- [INSTRUCTIONS FOR THE TASK]: For each record below, retype the text exactly and omit any image.

[Stored entries]
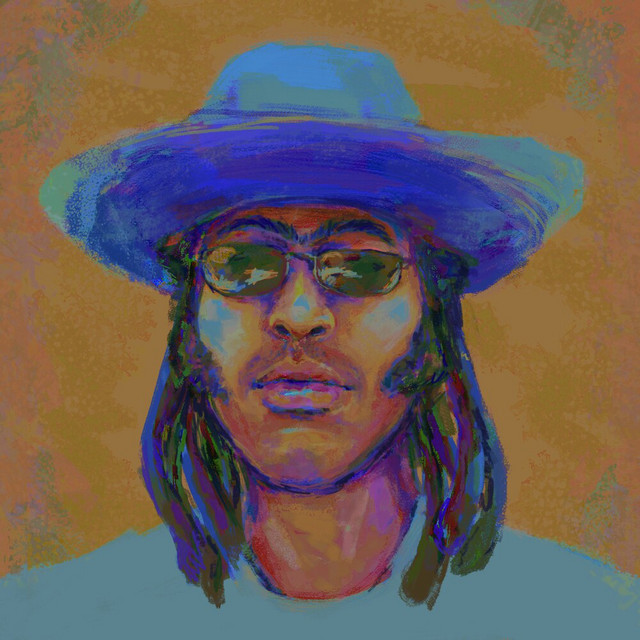 Bob's Son: R.A.P. Ferreira in the Garden Level Cafe of the Scallops Hotel cover art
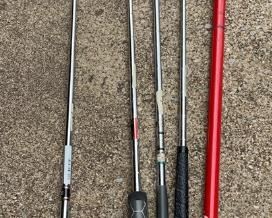 putters and ball retriever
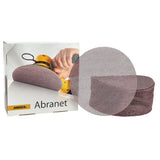 MIRKA Abranet 200 mm Korn 80 bis 400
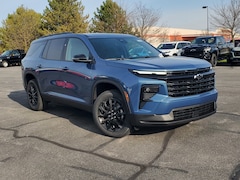 2026 Chevrolet Traverse LT SUV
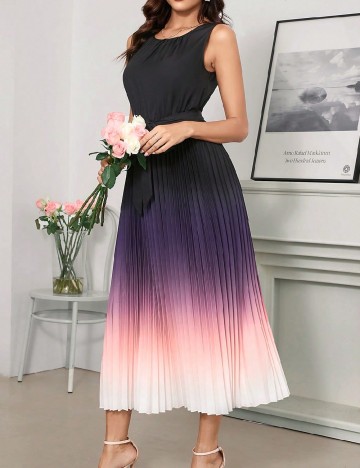 Rochie medie SHEIN, mix culori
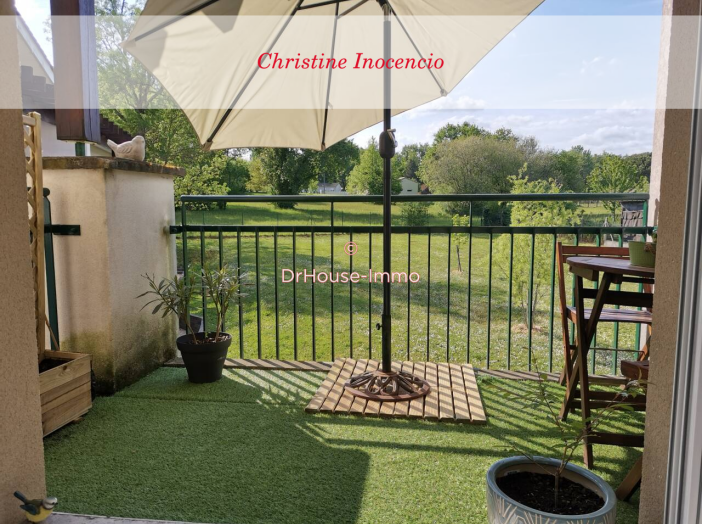 Appartement de 40m² - 2 pièces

- [SOLVED PROBLEM]:
 Bob's Son: R.A.P. Ferreira in the Garden Level Cafe of the Scallops Hotel cover art
 putters and ball retriever
 MIRKA Abranet 200 mm Korn 80 bis 400
 2026 Chevrolet Traverse LT SUV
 Rochie medie SHEIN, mix culori
 Appartement de 40m² - 2 pièces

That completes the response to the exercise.